Stored dataset items:
★ ★ ★ ★ ★ ★ ★

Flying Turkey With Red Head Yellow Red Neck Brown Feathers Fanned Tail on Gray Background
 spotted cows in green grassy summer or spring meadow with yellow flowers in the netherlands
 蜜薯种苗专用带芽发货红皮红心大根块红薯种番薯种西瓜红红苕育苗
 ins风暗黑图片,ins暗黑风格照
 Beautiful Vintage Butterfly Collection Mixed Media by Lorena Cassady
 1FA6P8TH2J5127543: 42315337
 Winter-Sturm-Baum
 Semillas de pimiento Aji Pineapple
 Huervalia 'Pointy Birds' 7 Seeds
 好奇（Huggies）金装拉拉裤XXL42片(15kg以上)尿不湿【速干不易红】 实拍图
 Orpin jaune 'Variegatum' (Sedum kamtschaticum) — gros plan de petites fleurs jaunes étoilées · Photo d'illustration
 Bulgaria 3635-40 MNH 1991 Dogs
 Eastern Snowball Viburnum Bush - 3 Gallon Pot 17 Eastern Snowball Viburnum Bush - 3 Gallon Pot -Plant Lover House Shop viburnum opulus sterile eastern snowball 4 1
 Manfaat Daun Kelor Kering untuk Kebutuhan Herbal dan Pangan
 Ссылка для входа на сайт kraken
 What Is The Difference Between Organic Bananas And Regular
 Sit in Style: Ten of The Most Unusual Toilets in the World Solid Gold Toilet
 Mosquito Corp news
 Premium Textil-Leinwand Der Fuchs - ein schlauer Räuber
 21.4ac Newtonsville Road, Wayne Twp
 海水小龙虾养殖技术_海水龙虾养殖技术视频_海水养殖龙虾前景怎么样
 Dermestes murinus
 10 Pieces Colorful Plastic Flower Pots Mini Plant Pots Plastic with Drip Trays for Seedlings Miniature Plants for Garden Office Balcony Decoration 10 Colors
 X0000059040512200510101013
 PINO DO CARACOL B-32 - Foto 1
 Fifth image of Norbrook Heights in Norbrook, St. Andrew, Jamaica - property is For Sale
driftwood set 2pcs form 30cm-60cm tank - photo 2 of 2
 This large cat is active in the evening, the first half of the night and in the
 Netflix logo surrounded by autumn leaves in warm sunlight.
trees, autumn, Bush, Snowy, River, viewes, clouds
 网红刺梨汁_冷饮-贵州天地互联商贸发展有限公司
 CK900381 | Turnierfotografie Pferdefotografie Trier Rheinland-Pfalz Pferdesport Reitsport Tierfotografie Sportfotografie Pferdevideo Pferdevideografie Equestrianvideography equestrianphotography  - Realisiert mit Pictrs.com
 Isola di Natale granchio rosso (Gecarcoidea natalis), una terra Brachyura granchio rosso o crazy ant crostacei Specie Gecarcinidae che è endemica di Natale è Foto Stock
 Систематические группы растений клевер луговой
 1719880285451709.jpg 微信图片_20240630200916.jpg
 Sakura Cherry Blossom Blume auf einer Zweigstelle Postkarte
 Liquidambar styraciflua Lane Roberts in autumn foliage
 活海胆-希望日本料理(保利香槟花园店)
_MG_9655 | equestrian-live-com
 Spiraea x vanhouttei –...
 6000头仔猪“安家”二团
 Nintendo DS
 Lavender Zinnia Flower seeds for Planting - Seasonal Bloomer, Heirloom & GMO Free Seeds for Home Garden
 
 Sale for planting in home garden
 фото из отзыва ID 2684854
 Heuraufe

★ ★ ★ ★ ★ ★ ★

**TRY IT:**
Of the lines in the data, report each one containing the string "Seeds".

**RESULT:**
 Huervalia 'Pointy Birds' 7 Seeds
 Lavender Zinnia Flower seeds for Planting - Seasonal Bloomer, Heirloom & GMO Free Seeds for Home Garden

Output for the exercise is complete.